Indirekt stilbildend für die Landschaftsgärten dieser Zeit war auch Jean-Jacques Rousseaus Werk Julie oder Die neue Heloise (1761); es wird hier aber nicht direkt zitiert. Ein Teil der Staffagen würdigt Zeitgenossen wie Herzogin Anna Amalia, Johann Gottfried Herder, den Komponisten und Dresdner Hofkapellmeister Johann Gottlieb Naumann und Leopold von Braunschweig. Der Großteil ist jedoch Familienmitgliedern der Brühls gewidmet. Sie transportieren das Selbstbild der Familie, vermitteln ihre Beziehungen untereinander und dienen der Rehabilitation des Vaters und Schwiegervaters, des ehemaligen Premierministers Heinrich von Brühl.[1][2][4][5]

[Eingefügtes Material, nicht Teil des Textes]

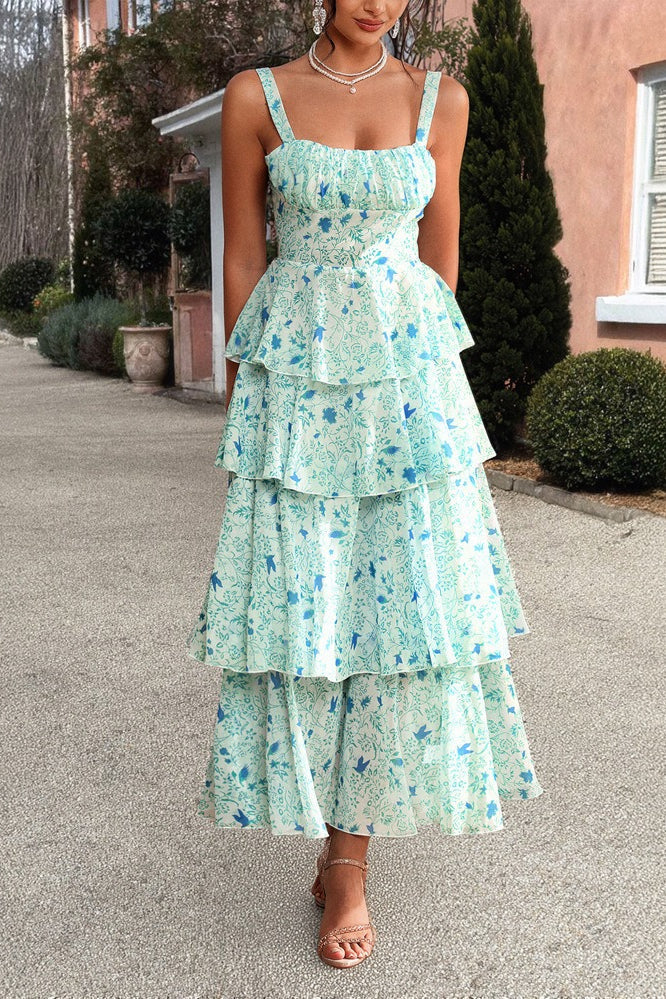 Square Neck Ruched Bust Toile Floral Print Tiered Maxi Dress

Materiell umgesetzt wurden diese Ideen durch kleine Tempel, Altäre, Hütten, Ruheplätze, Pavillons, Grotten und Häuser. Diese boten in ihrer Gesamtheit – eingebunden in den Naturraum Seifersdorfer Tal – nicht nur ein zu durchwanderndes Landschaftsbild, sondern auch eine Bühne bzw. einen Aktionsraum für musikalische Darbietungen und Theateraufführungen. Der für adelige Verhältnisse relativ prekären finanziellen Situation der Familie ist sicherlich die Tatsache geschuldet, dass viele der Staffagen aus vergänglichen Materialien wie Holz, Rinde oder Stroh gefertigt wurden. Daher ist nur ein Teil der Parkarchitekturen erhalten.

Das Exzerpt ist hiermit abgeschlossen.